Dados de Bolsonaro foram acessados na eleição, diz secretário da Receita
A Receita Federal identificou que os dois servidores que acessaram dados do presidente Jair Bolsonaro e de seus familiares fizeram várias consultas ao longo de 2018 e em períodos que coincidem com datas importantes do calendário eleitoral, disse ontem ao Estadão/Broadcast o secretário da Receita Federal, Marcos Cintra.

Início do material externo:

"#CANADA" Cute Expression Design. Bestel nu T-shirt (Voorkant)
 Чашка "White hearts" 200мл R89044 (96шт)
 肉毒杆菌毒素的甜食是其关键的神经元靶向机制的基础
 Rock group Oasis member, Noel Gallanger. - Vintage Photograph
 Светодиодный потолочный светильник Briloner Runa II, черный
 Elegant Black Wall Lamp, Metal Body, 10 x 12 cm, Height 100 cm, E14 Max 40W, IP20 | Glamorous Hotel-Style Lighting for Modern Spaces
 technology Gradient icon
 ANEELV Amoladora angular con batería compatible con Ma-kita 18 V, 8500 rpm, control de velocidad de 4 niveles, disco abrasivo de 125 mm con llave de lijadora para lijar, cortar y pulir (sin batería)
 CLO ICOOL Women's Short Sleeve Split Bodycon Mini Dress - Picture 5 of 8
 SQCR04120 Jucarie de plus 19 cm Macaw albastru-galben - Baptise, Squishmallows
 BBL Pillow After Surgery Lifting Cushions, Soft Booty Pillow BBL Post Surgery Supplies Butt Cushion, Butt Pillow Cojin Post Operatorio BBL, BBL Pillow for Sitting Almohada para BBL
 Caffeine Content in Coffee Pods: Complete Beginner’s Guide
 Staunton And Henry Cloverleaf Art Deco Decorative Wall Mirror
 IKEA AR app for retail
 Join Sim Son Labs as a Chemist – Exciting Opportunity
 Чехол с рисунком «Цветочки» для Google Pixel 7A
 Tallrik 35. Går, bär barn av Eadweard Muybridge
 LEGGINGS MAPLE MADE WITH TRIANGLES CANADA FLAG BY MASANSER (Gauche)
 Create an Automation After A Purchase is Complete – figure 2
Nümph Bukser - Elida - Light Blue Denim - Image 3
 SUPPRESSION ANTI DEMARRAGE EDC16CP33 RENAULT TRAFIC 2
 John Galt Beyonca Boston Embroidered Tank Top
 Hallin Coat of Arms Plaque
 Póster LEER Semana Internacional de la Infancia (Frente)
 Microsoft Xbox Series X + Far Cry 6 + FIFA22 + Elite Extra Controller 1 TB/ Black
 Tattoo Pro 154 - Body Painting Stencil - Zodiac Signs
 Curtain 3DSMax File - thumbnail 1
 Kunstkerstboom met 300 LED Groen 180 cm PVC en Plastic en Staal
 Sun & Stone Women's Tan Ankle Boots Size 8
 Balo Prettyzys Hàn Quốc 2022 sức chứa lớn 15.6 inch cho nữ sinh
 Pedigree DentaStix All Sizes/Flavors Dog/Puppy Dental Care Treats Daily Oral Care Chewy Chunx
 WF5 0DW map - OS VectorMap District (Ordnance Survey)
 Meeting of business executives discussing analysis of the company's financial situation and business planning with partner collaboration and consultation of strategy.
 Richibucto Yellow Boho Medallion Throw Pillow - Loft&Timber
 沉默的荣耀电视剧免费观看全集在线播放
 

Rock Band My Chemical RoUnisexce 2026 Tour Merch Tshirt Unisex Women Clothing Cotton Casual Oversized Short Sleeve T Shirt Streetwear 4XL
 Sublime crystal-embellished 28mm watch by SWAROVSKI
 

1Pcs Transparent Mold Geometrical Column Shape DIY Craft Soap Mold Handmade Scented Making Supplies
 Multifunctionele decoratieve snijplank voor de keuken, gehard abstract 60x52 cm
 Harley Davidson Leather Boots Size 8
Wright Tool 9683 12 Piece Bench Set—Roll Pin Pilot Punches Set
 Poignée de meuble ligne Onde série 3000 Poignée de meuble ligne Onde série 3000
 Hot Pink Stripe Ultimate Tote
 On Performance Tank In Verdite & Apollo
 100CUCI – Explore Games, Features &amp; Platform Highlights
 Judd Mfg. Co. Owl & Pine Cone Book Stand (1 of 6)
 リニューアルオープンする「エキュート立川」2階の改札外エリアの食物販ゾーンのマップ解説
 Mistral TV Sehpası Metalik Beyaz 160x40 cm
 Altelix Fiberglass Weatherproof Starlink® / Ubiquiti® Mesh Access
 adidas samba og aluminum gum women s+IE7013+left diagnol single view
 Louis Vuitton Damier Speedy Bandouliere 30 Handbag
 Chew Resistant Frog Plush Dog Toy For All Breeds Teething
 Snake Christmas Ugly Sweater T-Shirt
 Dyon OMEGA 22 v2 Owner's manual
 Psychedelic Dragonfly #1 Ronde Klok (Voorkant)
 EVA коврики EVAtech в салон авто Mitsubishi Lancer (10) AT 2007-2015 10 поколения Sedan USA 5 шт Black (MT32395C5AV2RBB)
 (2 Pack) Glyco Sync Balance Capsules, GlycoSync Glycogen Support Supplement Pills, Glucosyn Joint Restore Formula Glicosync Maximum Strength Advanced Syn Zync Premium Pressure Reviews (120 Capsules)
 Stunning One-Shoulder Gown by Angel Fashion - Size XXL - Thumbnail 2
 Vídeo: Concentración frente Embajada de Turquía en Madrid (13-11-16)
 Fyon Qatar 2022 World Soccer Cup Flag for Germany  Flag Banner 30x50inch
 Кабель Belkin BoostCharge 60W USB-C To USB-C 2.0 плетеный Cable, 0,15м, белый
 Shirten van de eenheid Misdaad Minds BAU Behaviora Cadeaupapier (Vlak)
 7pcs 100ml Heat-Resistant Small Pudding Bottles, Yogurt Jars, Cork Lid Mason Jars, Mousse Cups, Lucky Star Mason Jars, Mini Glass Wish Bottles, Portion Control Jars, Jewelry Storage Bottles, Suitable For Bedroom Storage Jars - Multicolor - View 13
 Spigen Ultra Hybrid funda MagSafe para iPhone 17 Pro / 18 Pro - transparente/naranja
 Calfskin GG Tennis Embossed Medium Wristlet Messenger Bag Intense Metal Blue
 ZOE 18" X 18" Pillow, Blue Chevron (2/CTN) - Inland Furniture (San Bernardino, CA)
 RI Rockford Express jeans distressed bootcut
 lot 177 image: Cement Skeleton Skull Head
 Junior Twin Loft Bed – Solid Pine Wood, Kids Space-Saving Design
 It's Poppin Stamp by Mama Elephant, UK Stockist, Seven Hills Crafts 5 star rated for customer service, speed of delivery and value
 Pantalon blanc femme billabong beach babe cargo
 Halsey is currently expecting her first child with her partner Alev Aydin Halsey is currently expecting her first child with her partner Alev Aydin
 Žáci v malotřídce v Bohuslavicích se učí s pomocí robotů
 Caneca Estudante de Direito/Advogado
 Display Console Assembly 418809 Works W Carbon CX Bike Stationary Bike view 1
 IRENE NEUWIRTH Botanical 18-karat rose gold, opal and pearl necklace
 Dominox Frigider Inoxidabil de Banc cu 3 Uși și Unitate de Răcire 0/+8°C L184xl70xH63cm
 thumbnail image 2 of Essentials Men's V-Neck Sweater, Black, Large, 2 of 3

"Está comprovado e está nas mãos da polícia. Nem o secretário da Receita pode entrar e fuçar o que quiser", explicou. De acordo com o secretário, dois acessos feitos no final de outubro (durante a campanha do segundo turno eleitoral) não foram justificados e estão sob investigação.
Foram levantados dados de irmãos e tios do presidente, além do próprio Bolsonaro. Em depoimento à Polícia Federal, um dos servidores investigados, Odilon Alves Filho, disse que fez apenas um acesso e consultou só dados cadastrais, por curiosidade. Ele é irmão da deputada Norma Ayub (DEM-ES).
A Receita abriu sindicância depois de a corregedoria ter sido informada que dados confidenciais do presidente e de vários CPFs relacionados à família dele estavam sendo acessados - os sistemas do órgão são monitorados e cada consulta é registrada. "Pedimos à PF que investigue se há ligações externas, se isso faz parte de um plano maior, se tem gente por trás", afirmou o secretário.
Cintra avisou Bolsonaro da sindicância no fim de janeiro e disse que o presidente pediu para dar andamento à investigação "como qualquer outro caso". O secretário teve vários encontros com Bolsonaro nos últimos meses. Na sexta-feira (5), o presidente escreveu no Twitter que os servidores procuravam "algo para vazar" e incriminá-lo antes das eleições.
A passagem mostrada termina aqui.